Con la memoria aprendemos. Con lo aprendido actuamos. Así vivimos unidos a muchas personas mientras ponemos en práctica mil tareas cotidianas.
Es un don inmenso la memoria. Tan grande, que desde ella recordamos nombres, fechas, lugares, claves, páginas de Internet.
La tecnología moderna consigue producir aparatos mucho más precisos y más rápidos que la frágil memoria humana. Pero incluso esos datos tienen sentido si son aceptados o rechazados desde mentes humanas que los recuerdan o los olvidan.
San Agustín, en sus “Confesiones”, constataba los misterios de esta dimensión humana, que también sufre por los límites (cuando no recordamos algo que nos interesa), y que se alegra por sus éxitos.
La memoria nos permite hablar uno o varios idiomas, comprender lo que nos dicen, manifestar a otros lo que pensamos y queremos. Ya esa simple dimensión comunicativa es motivo de admiración y gratitud.
En la memoria quedan recuerdos del pasado. Algunos intensos: podemos evocarlos casi como los vivimos en su momento, o incluso con emociones añadidas con el paso del tiempo.

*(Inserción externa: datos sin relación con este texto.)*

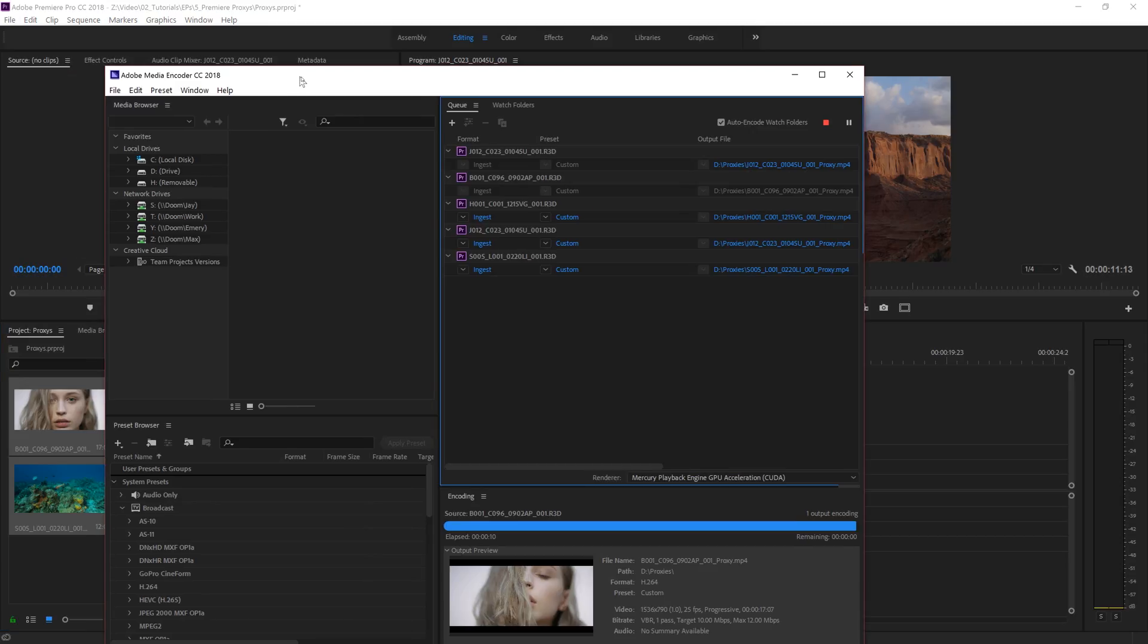Once that happens, Adobe Media Encoder automatically opens up and is now rendering the proxy footage, which is going fairly quickly. If you have a bunch of different files and you do your original ingest settings from the very beginning, it will automatically do this in the background or open up Media Encoder.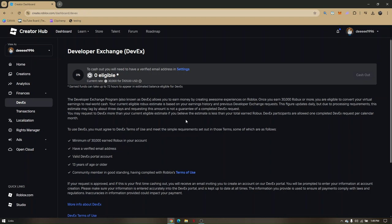Alright. So that's basically it. That's how you convert Roblox into real money.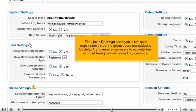The user settings allow you to turn user registration off, set the group users are added to by default, and require new users to activate their account through email before they can log in.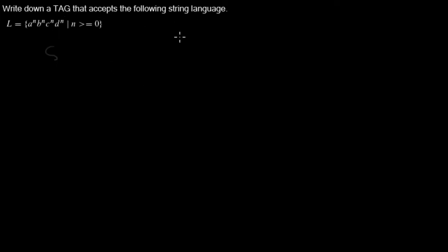Here we are asked to write down a tree adjoining grammar that accepts the following string language. There are several points to notice. One is we are asked that the grammar accepts the string language.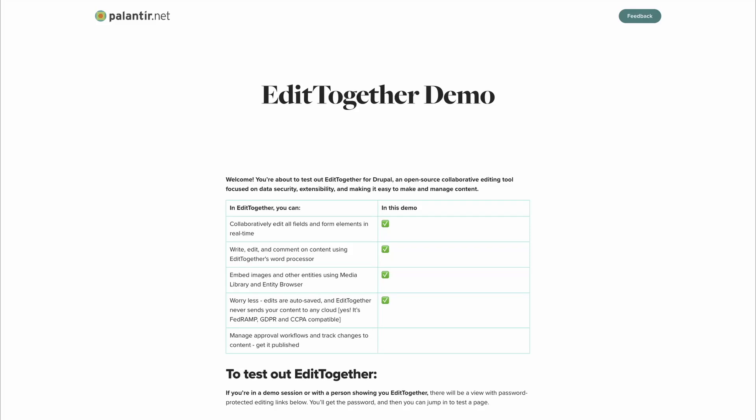Hi, my name is Alex Jones. I'm a Senior Technical Architect at Palantir.net, and I'm also the Technical Architect for EditTogether, the open source real-time collaboration framework we're building for Drupal.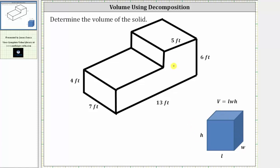We can cut the solid into two boxes two ways. If we cut it horizontally, we have a box on the top and a box on the bottom. If we cut it vertically, we have a box on the left and a box on the right. Let's go ahead and cut it vertically, and determine the volume of the box on the right and the box on the left, and then sum the two volumes.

Otros recuerdos quedan ensombrecidos, como sepultados por hechos más recientes que acaparan nuestra atención y que “ocupan”, según la metáfora de san Agustín, más “espacio” en nuestro interior.
Entre esos recuerdos están los de aquellos seres gracias a los cuales existimos. Padres, abuelos, bisabuelos: atrás y atrás, en las generaciones, la memoria llega hasta fronteras más o menos definidas.
Uno de esos seres, el más importante, el más amoroso, el más creativo, es Dios. Porque también la memoria puede mantener vivo en nuestro corazón el dato que explica y justifica toda nuestra existencia humana: de Dios venimos y hacia Dios vamos.
Sí: la memoria es un gran don. Podemos usarla para correr hacia el bien que tanto necesitamos, para llamar a un amigo necesitado, para agradecer los beneficios recibidos de un familiar, para llegar a tiempo a la cita de esta tarde.
Con la memoria seguimos en camino. Porque también ella nos permite mirar hacia adelante, apoyados en lo que el pasado ha dejado en nuestros corazones, y con la esperanza de que el triunfo definitivo está en manos de un Dios bueno, justo y misericordioso.